Pasé un tiempo entre rejas, en compañía de todo tipo de pillos. Allí conocí al
Culebras. Mercadeaba con hierba y pastillas. Lo que le caía en mano. Un tío
legal el Culebras. Si ibas a medias con él, siempre repartía. Con él me metí en
el negocio. Y ahí me desvié del camino del maestro. Pero, como ya he dicho,
tenía que buscarme la manduca. Entraba y salía de la cárcel como Pedro por mi
casa. ¡Vamos que me saludaba todo dios! ¿De vuelta Escalichao?, poco has
tardado esta vez, me saludaban los guardias. El Culebras y yo, dos celebridades.
De
pasar por la biblioteca, nada. Coger un libro, ni en broma. Lo intenté, por
seguir los pasos del maestro, pero era un coñazo eso de la lectura del loco ese
que andaba peleando con molinos. Aunque yo al Culebras lo ganaba en educación.
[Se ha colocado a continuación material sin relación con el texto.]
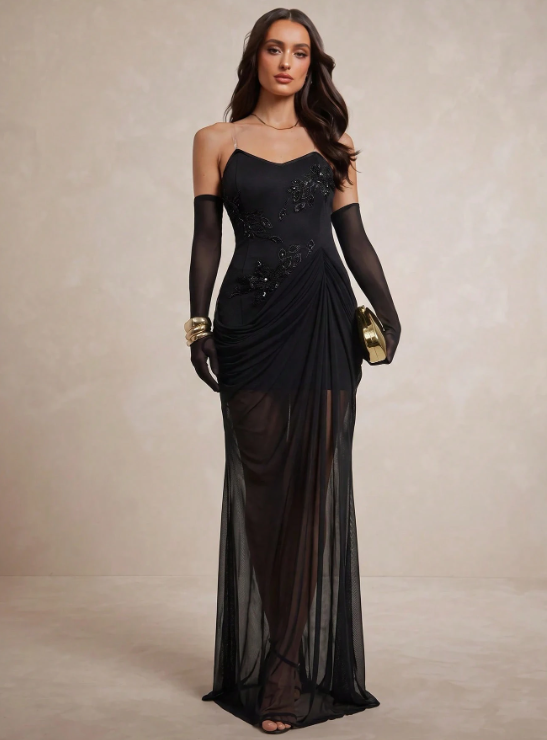 Kylie Sequin Maxi Dress with Gloves
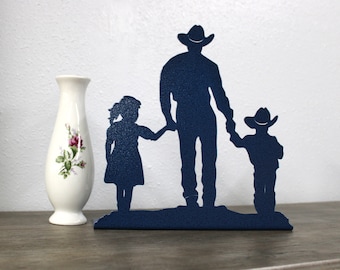 Cowboy and Kids Daughter and Son Metal Free Standing Decor 10 Inches Tall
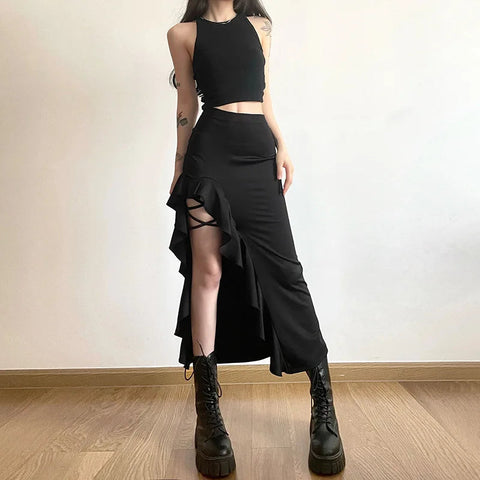 Y2K Goth Ruffled Slit Midi Skirt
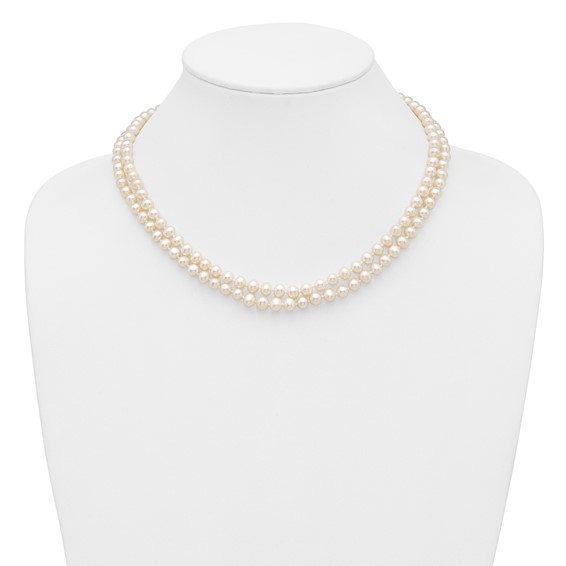 1/20 14K Gold Filled 5-6mm Near Rnd White FWC Pearl 2-Strand 18in Necklace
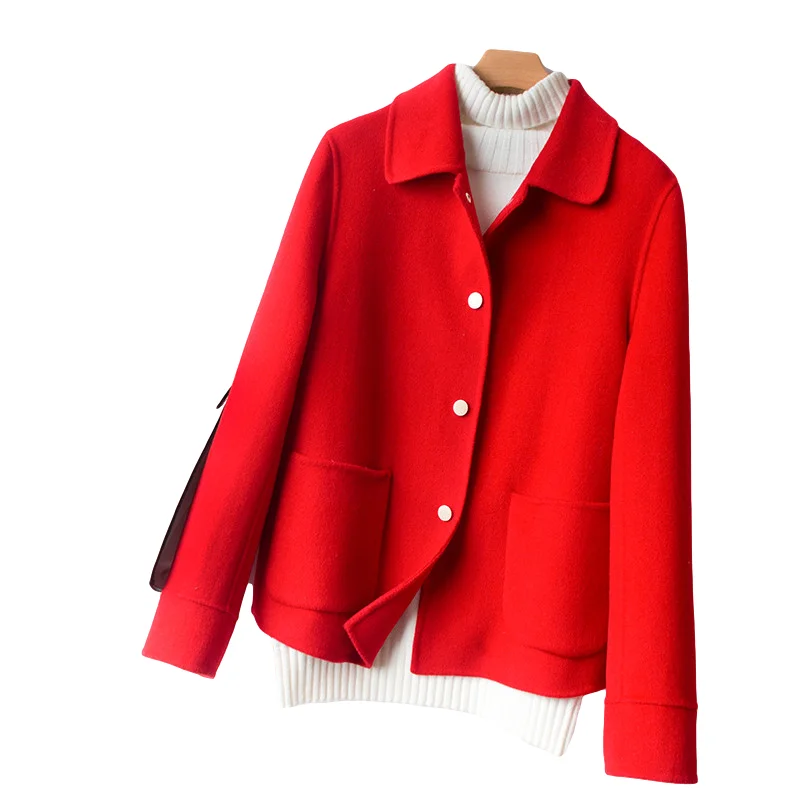 Double-Faced Cashmere Coat Women 2025 New Autumn Winter High Quality Short Jacket Single-Breasted Female Wool Outerwear Clothes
Sabía leer y escribir, lo que el desgraciado, ni la o con un canuto. Eso tengo
que agradecerle a mi padre. Él me enseñó las letras, a pescozón limpio, que
venían en los libritos de papel de liar tabaco.
Mi
actividad en el trullo iba ligada al trapicheo. Al Culebras le pasaba la
mercancía un guardia y él la guardaba en su celda, vete tú a saber dónde, y
luego la distribuíamos bajo pedido y canjeo de pago en el momento de la
entrega.
El
Esquinao era un mal bicho. Uno de esos que no te miran bien; y no porque fuera
bizco, sino porque era puro veneno. Quería de todo para luego revenderlo él. En
cuanto el Culebras se pispó del asunto, le cortó el grifo.
Que
fue obra del Esquinao el incendio de la celda del Culebras, no quedó la menor
duda. Del sofoco, al colega le arreó uno de esos yuyus que lo dejan sin conocimiento
y que lo llaman ausencias. Y el menda, o sea yo, me lancé como un poseso dentro
y lo saqué a rastras porque me dio por pensar que con él se achicharraba el
negocio.
Y
aquí estoy, en el hospital, con vendajes que me cubren la cara menos los ojos,
con el Culebras a mi lado, tan quemado o más que yo. Me llaman héroe. Soy el
puto héroe. Recibo toda clase de visitas y parabienes. Hasta el alcalde ha venido
a visitarme. Yo me dejo querer. A ver qué puedo sacar de todo esto. Porque digo
yo que algo tiene que sacar quien arriesgó el pellejo por salvarle la vida a este
desgraciado.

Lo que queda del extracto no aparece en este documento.